Bizarre Book Club: Scary Grandpa, Surreal Stories, Puppet Overlords And Sci Fi

Hello my little sugar cubes dangled over a glass of absinthe. My friend Steve and I have once again created our own writer and artist’s retreat as we have strict deadlines to get things finished, but I have still managed to read some peculiar books.

Cartoons In The Suicide Forest by Leza Cantoral

This is a bizarre and beautifully poetic book about some dark things. Leza takes inspiration from same sex Russian marriage, Jean Cocteau’s beauty and the beast, Mexican folklore and underground sex slave cults among other things and gives them an erotically feminine fairy tale twist. I enjoyed the ‘real world’ stories as much as the surreal, a good example being a relationship failing amidst heroine dependence. Pretty!

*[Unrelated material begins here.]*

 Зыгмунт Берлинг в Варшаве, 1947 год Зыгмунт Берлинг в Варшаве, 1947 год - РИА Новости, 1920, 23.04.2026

Cartoons In The Suicide Forest book trailer

Puppet Skin by Danger Slater

This fun book is a kind of YA twist on the bizarro genre. When youngsters reach a certain age they are forcibly turned into marionette puppets with strings that reach far into the sky. No one knows what’s up there, or why they have to do it, but one young girl decides to rebel just as something strange starts happening to the puppets .

I liked the way the teens actually do things teens do like smoke and skip school. In fact this could be an allegory for ‘responsible’ rebellion and why it’s necessary to look beyond your situation and not always do as you’re told.

Puppet Skin book trailer

Like Jagged Teeth by Betty Rocksteady

The story starts with immediate tension and continues throughout. A girl is walking home from a night out followed by boys when, just in time, she’s picked up by her grandfather – who’s been dead for several years. When she arrives back at his place joy turns to fear as she realises something isn’t right.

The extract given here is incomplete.